**Supplied material**.

______________________________

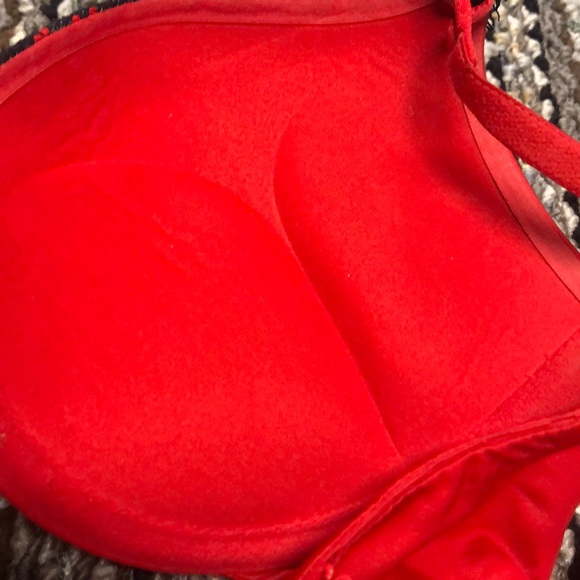 Sexy red and black/silver lace edging bombshell - Picture 3 of 4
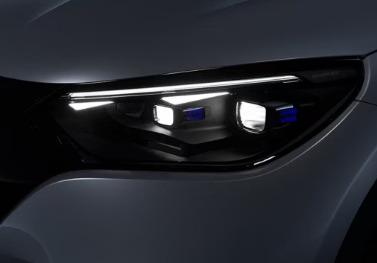 mercedes-benz-eqe-suv-head-light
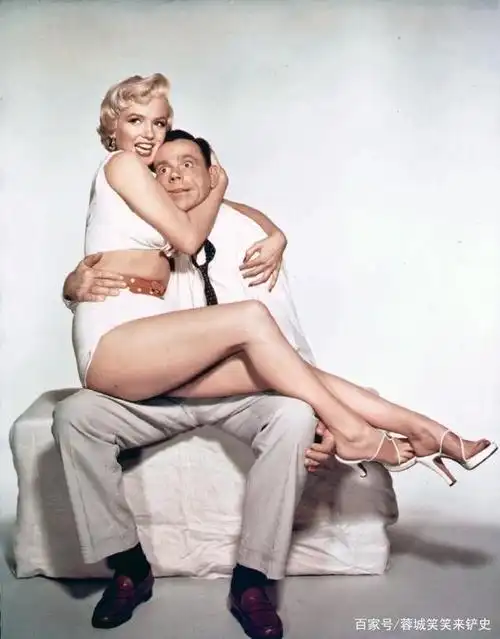 图说世界名媛:坐在地球上的梦露,穿泳装吹风的赫本,好美的样子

______________________________

**To do**. Write out the whole of the data exactly; the pictures stay out.

**Written response**.
 Sexy red and black/silver lace edging bombshell - Picture 3 of 4
 mercedes-benz-eqe-suv-head-light
 图说世界名媛:坐在地球上的梦露,穿泳装吹风的赫本,好美的样子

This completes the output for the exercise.